Stored data:
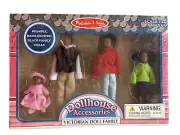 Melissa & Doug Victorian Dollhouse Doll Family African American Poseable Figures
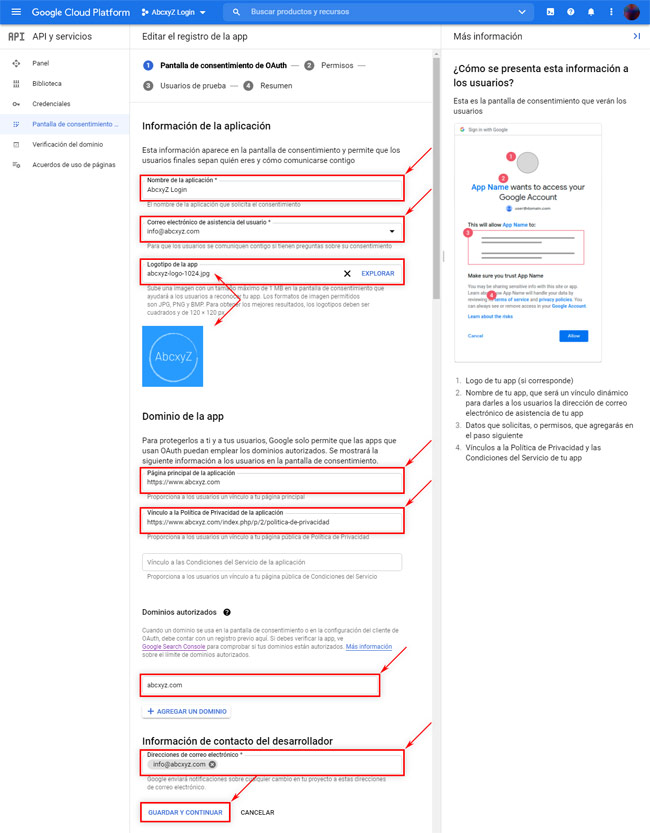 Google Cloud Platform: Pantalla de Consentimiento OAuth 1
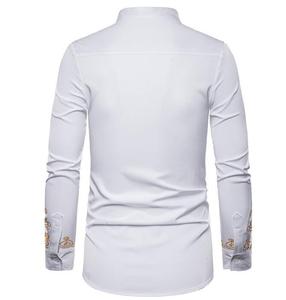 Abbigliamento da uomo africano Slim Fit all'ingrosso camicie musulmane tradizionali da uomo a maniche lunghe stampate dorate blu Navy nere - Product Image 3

==

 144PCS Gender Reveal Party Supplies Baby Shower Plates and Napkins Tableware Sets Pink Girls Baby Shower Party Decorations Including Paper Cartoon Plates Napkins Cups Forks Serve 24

What is being asked: Would you output only the span of the records above that opens with the line containing "Melissa & Doug" and closes with the line containing "Abbigliamento da uomo", ends included and pictures dropped?

Result:
 Melissa & Doug Victorian Dollhouse Doll Family African American Poseable Figures
 Google Cloud Platform: Pantalla de Consentimiento OAuth 1
 Abbigliamento da uomo africano Slim Fit all'ingrosso camicie musulmane tradizionali da uomo a maniche lunghe stampate dorate blu Navy nere - Product Image 3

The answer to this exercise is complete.